Your output is to consist only of the line containing "Solid Gold Lab-Grown Diamond Pear Drop Studs" and the lines after it, through the end of the data, reproduced exactly.

————

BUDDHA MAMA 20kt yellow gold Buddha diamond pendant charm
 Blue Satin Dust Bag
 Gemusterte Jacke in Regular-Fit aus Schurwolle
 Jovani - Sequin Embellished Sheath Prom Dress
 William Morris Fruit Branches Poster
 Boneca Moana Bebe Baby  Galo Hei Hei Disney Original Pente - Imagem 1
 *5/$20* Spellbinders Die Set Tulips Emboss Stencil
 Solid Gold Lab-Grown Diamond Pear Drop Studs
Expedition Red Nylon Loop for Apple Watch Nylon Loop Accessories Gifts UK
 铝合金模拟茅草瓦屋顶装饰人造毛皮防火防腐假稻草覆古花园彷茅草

————

> Final answer:
 Solid Gold Lab-Grown Diamond Pear Drop Studs
Expedition Red Nylon Loop for Apple Watch Nylon Loop Accessories Gifts UK
 铝合金模拟茅草瓦屋顶装饰人造毛皮防火防腐假稻草覆古花园彷茅草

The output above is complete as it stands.